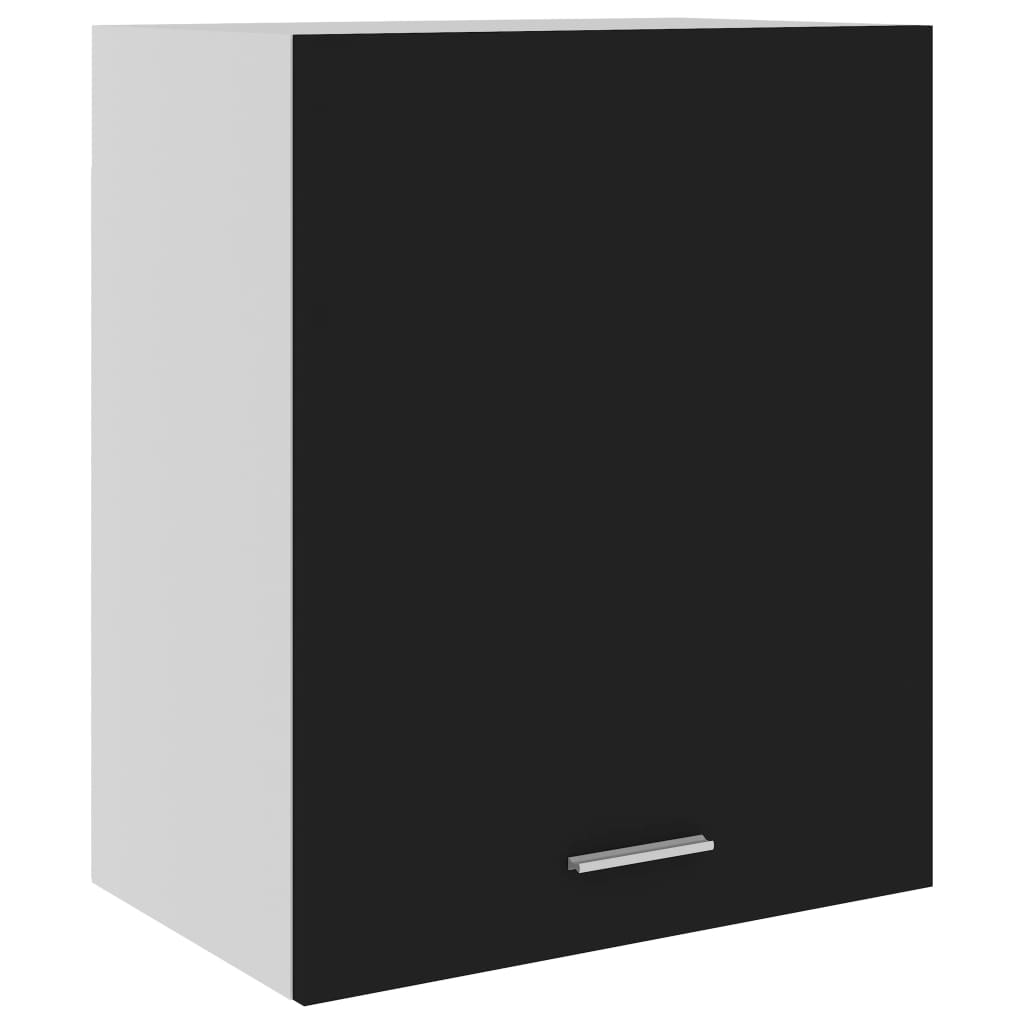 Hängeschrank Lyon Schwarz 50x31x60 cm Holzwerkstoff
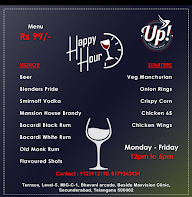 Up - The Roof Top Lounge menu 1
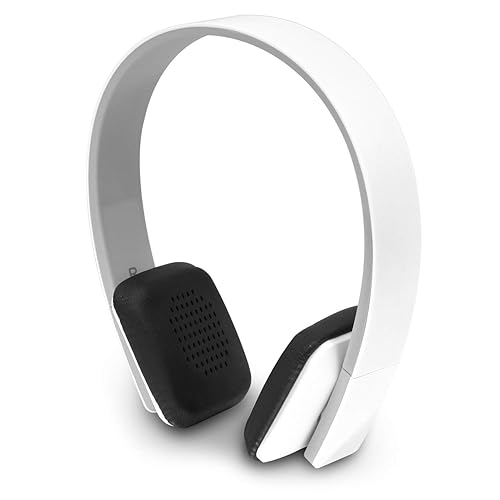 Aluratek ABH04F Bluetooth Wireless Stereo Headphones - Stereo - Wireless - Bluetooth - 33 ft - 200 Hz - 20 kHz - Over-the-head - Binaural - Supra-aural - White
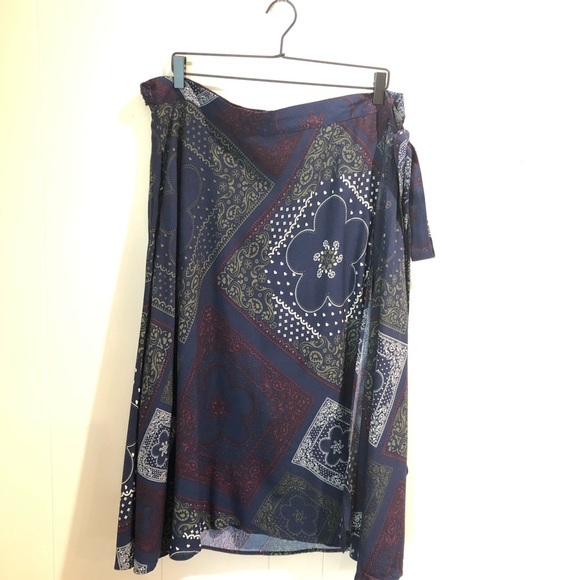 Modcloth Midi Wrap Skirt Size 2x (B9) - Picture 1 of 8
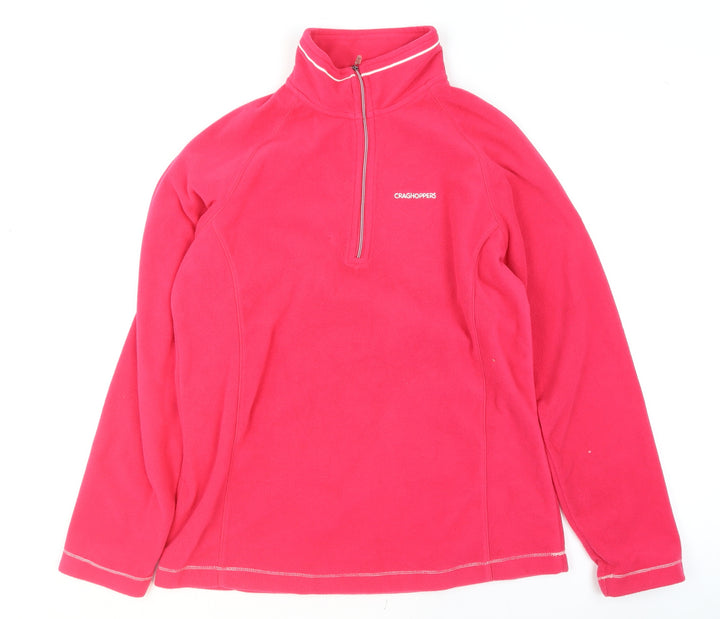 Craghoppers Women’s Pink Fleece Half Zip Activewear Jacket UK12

____________

■ Assigned task: Return the opening line of the data above and every line after it up to and including the line that holds "Aluratek ABH04F Bluetooth"; pictures stay out.

■ Task answer:
 Hängeschrank Lyon Schwarz 50x31x60 cm Holzwerkstoff
 Up - The Roof Top Lounge menu 1
 Aluratek ABH04F Bluetooth Wireless Stereo Headphones - Stereo - Wireless - Bluetooth - 33 ft - 200 Hz - 20 kHz - Over-the-head - Binaural - Supra-aural - White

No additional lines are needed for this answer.